• [What needs to be done]: Would you please return the lines of the material that contain the word "Used"?
-------- Data extracts
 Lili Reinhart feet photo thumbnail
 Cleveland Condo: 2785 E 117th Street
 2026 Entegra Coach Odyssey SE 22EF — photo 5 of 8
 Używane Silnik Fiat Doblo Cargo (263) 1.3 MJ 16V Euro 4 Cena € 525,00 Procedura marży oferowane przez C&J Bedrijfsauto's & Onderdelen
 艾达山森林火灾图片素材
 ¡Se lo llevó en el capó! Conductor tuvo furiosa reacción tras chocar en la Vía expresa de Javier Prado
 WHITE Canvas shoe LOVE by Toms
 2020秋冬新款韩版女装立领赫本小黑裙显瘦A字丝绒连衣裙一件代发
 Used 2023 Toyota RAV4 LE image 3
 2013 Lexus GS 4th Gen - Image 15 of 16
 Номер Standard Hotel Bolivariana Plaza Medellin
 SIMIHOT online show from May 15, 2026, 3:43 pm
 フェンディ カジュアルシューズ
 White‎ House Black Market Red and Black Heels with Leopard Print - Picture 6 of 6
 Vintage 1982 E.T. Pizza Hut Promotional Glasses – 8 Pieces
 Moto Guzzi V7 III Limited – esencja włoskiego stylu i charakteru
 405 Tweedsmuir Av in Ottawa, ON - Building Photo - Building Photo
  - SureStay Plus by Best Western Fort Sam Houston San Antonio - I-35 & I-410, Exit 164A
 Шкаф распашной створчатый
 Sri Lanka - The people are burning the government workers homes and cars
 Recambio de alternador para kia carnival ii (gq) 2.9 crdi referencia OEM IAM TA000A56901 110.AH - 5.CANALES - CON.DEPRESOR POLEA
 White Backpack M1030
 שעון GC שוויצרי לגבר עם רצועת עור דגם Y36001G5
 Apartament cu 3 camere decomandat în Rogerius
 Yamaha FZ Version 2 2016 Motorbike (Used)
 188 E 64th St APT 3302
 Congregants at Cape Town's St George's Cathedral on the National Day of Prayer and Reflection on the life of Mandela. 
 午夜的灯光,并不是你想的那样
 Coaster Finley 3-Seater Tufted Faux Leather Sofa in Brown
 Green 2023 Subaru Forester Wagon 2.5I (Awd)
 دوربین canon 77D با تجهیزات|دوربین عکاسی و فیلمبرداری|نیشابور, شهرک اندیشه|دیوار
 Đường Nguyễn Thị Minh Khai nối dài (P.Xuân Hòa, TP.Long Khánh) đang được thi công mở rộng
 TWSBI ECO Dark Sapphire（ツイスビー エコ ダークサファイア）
----------------
• [Result for this exercise]:
 Used 2023 Toyota RAV4 LE image 3
 Yamaha FZ Version 2 2016 Motorbike (Used)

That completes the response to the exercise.